3 Ways to Use Space Utilization Data
Better Space Planning
Forty percent of corporate real estate is empty but paid for. And 89 percent of CREs aren’t satisfied with their use of space.
To make improvements in this area, you first need visibility into space utilization data.
Space utilization data can answer questions like:
- How is each floor, room and building being used?
- What locations are not being utilized as well as they could be?
- How are people typically using different areas of the space?
However, the potential to save money with better space planning is huge—making sensors well worth the investment. Kepnes said if the size of real estate shrank as much as the headcount, the Fortune 500 would save $107 billion annually, equal to the cost of 1 million employees.
Visualizing Space Availability
Fifty-five percent of employees don’t have access to space they need.
While having to scramble for space obviously hurts the employee experience, there’s another reason corporate real estate leaders should care about this. A lack of space availability has a huge impact on productivity.
Consider this shocking statistic from Gartner:
$31 million is wasted on employees looking for an open room each year, equal to 200 employees being paid just to look for space.
Let that sink in for a moment.
Surely there’s a better use of your employees’ time!
As we get more workplace amenities, real time availability becomes even more important. People want to see how busy it is in certain areas so they can better plan their day.

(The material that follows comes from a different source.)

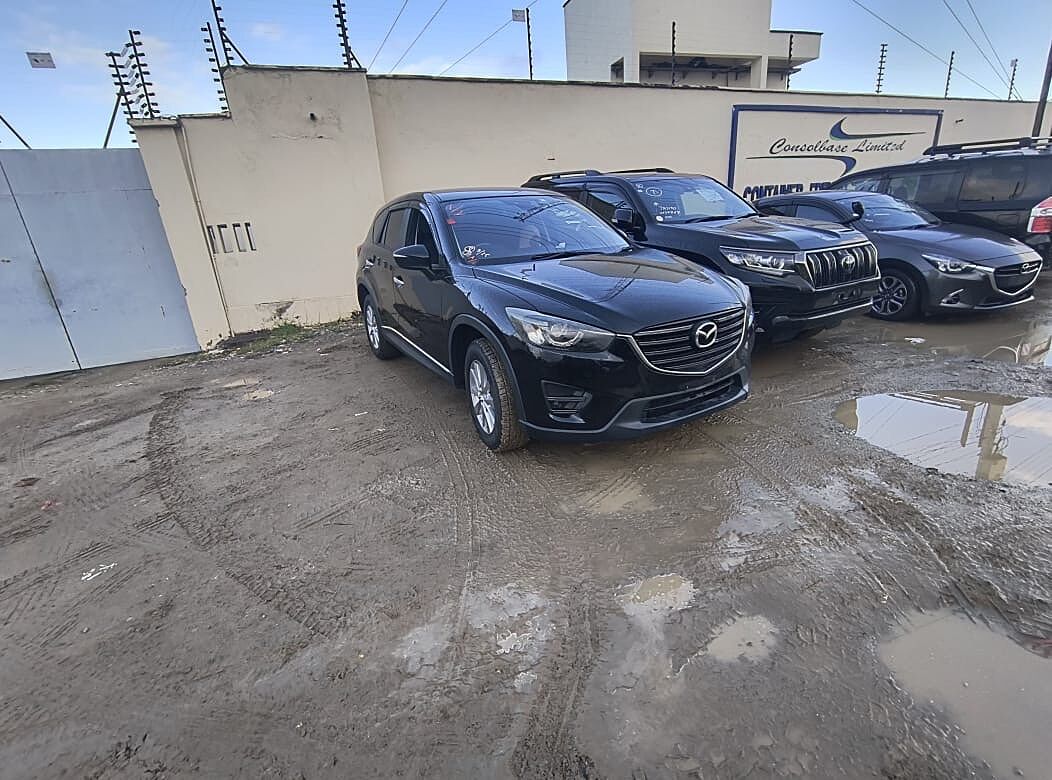 Best Price Used MAZDA CX-5 Under $4,000 for Sale - Japanese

Having data on real-time space availability can answer questions like:
- Which rooms are booked but actually free?
- How busy is the gym?
- What’s the best time to go to the cafeteria?
Improving Facility Operations
CRE leaders and facility managers need to be able to adjust building operations based on occupancy. For instance, if only a fourth of your workforce comes into the office on a typical Friday but your employee cafeteria has enough food to feed an army, you’re going to end up with a lot of waste.
Similarly, keeping every light on and heating all 10 floors of your building when 75 percent of them are empty isn’t very cost-effective.
With real-time space utilization data, you can answer important questions like:
- What areas actually need to be cleaned this week?
- How much food should we order?
- How should we adjust our heating and cooling systems to match occupancy?
In the changing world of corporate real estate, space utilization data is one constant leaders can rely on to help them make adjustments in real time. With a data-driven workplace, leaders don’t have to choose between providing a great employee experience and keeping costs in check.